Problem details: Reproduce the data exactly as given, except for any images.

Exercise data:

****************

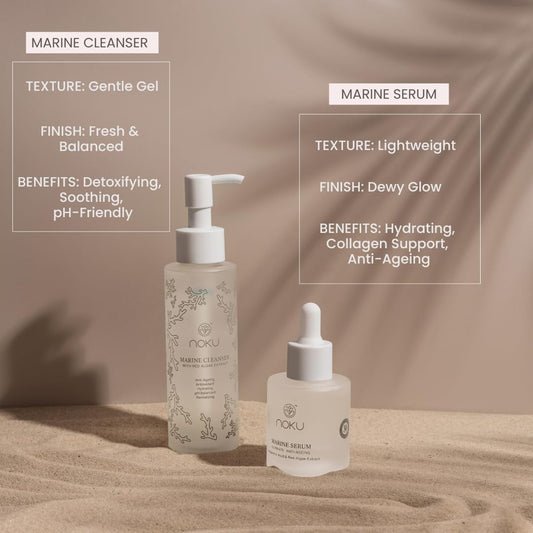 Noku Marine Cleanser | Blue Beauty | Vegan & Cruelty-Free With Red Algae Extract, For Hydration And Calms Redness, Bioactive Molecules, Marine Peptides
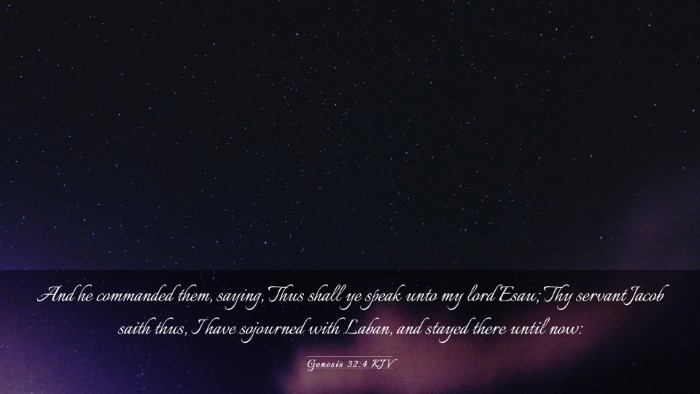 Picture 03 - Genesis 32:4 KJV Desktop Wallpaper - And he commanded them, saying, Thus shall ye - Desktop Bible Verse Wallpaper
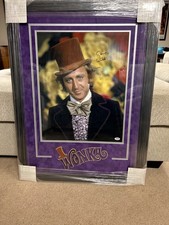 Rare Large Framed 25”x 34” Wonka Gene Wilder, "Autographed" (PSA/DNA)  Photo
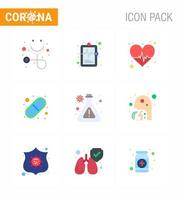 coronavirus 9 platt Färg ikon uppsättning på de tema av korona epidemi innehåller ikoner sådan som forskning flaska hjärta piller medicinsk viral coronavirus 2019 nov sjukdom vektor design element
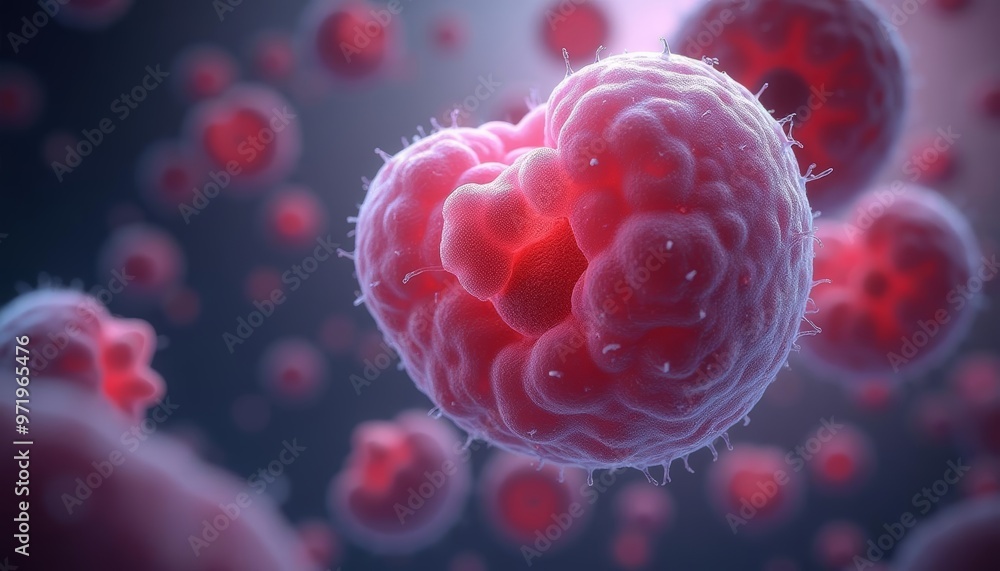 Poster microscopic view of a cell with a nucleus surrounded by other cells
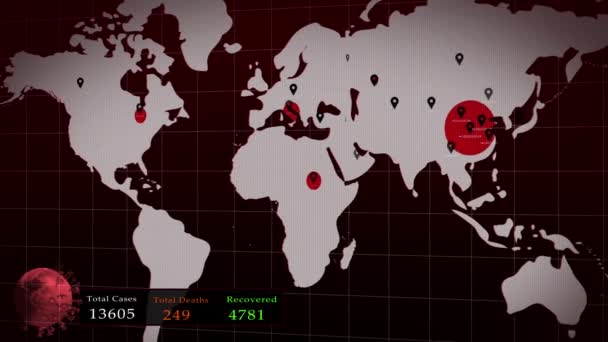 Coronavirus Covid Mapa Del Mundo Infección Por Virus Chino Con — Vídeos de Stock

****************

Your solution:
 Noku Marine Cleanser | Blue Beauty | Vegan & Cruelty-Free With Red Algae Extract, For Hydration And Calms Redness, Bioactive Molecules, Marine Peptides
 Picture 03 - Genesis 32:4 KJV Desktop Wallpaper - And he commanded them, saying, Thus shall ye - Desktop Bible Verse Wallpaper
 Rare Large Framed 25”x 34” Wonka Gene Wilder, "Autographed" (PSA/DNA)  Photo
 coronavirus 9 platt Färg ikon uppsättning på de tema av korona epidemi innehåller ikoner sådan som forskning flaska hjärta piller medicinsk viral coronavirus 2019 nov sjukdom vektor design element
 Poster microscopic view of a cell with a nucleus surrounded by other cells
 Coronavirus Covid Mapa Del Mundo Infección Por Virus Chino Con — Vídeos de Stock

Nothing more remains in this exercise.